England, 140 Kilometer nördlich von London.
Ein prächtiger, elektronisch bewachter Park rund um das
Landschloß Daylesford. Hier residiert Hans
Heinrich von Thyssen-Bornemisza (67). 100 Meter vor
dem Haus: Sicherheitsbeamte. Am Eingang ein
spanischer Butler: "Good Morning, Madam, folgen Sie
mir, bitte." Acht Salons. Kristall-Leuchter,
seidene Jalousien, Blumen. Und Bilder.
Überall. Picasso, Gaugin, Turner.
Plötzlich steht der Herr
dieser Schätze vor mir. Sportliche Haltung,
schlank, schwarzes Haar (gefärbt?), manikürte
Hände. Seine Garderobe stellt der Kammerdiener
zusammen. Er spielt unentwegt mit seiner Brille.

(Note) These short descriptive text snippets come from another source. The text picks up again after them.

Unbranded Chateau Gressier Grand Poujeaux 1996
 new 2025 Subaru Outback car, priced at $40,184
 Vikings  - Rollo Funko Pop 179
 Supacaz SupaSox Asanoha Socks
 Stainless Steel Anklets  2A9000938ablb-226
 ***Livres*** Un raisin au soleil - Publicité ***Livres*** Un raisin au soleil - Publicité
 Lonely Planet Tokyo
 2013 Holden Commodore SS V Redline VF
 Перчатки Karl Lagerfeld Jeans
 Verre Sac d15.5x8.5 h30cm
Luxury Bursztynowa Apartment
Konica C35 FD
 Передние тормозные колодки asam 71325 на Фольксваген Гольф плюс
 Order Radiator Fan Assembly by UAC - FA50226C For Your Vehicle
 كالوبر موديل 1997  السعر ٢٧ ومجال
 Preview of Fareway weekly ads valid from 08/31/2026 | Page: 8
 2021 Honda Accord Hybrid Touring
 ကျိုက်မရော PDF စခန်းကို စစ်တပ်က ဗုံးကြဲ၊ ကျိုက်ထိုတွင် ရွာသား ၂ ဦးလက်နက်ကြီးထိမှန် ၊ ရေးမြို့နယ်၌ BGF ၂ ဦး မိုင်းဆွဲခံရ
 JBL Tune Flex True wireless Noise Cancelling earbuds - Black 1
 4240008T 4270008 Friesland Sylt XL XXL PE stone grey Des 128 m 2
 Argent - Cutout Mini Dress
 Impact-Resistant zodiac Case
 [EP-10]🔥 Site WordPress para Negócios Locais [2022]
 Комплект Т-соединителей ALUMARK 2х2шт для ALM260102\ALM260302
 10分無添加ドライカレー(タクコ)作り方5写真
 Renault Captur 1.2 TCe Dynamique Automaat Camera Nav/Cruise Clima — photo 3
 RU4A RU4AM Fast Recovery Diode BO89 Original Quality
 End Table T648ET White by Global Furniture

Sein erster Satz: "Als wir noch arm waren, lautete das
Famillienmotto 'Tugend übertrifft Reichtum.' Aber
ich halte es mit Opa, der sagte: 'Roste ich, so raste
ich.'"
Warum also gab er seine
Privat-Pinakothek nach Madrid? (Wert: zwei Milliarden
Mark.) Aus Liebe zu seiner Ehefrau Nr. 5 -- Carmen
Cervera, sie ist Spanierin, eine
Ex-Schönheitskönigin, 23 Jahre jünger.
Er nennt sie Tita.
Wo ist Tita? In
Spanien. Auf Wohnungssuche. Hat sie ihn an
seinem Geburtstag allein gelassen? "Sie schickte einen
Teddybären, der spricht. Wenn ich Gute
Nacht sage, antwortet er."
Das Telefon klingelt: "Wir sollen zum Essen
kommen." Pompöser Speisesaal: silberne
Wappenteller, handgestickte Sets, China-Prozellan. Der
Butler trägt auf. Geschnetzelte Leber,
Kartoffelpüree, Käse, Obstsalat.
Wie ist es, reich zu sein
(Jahresumsatz des Thyssen-Imperiums: 3,4 Milliarden
Mark)? "Komisch, die Leuteglauben, daß ich
intelligenter bin als sie." Er schaut sich um, fragt
mich, eine Fremde: "Habe ich ein Grammofon?" Ich
nicke. "Na, dann wollen wir jetzt die Platte
spielen." Einige Zigeunerlieder, die ich ihm
mitgebracht hatte.
Er hört zu, trinkt
Weißwein, versinkt in Erinnerungen. Mein Glas
ist leer. "Komm her . . . ," sagt er.
Gießt eine Hälfte seines Weins aus seinem Glas in
meines, steht auf, tanzt Csárdás:
Plötzlich schüttelt er den Kopf: "Singen kann ich
nicht, tanzen auch nicht -- ich bin langweilig."
Ein Stimmungstief. Er
(Sternzeichen Widder) bewältigt es mit Action.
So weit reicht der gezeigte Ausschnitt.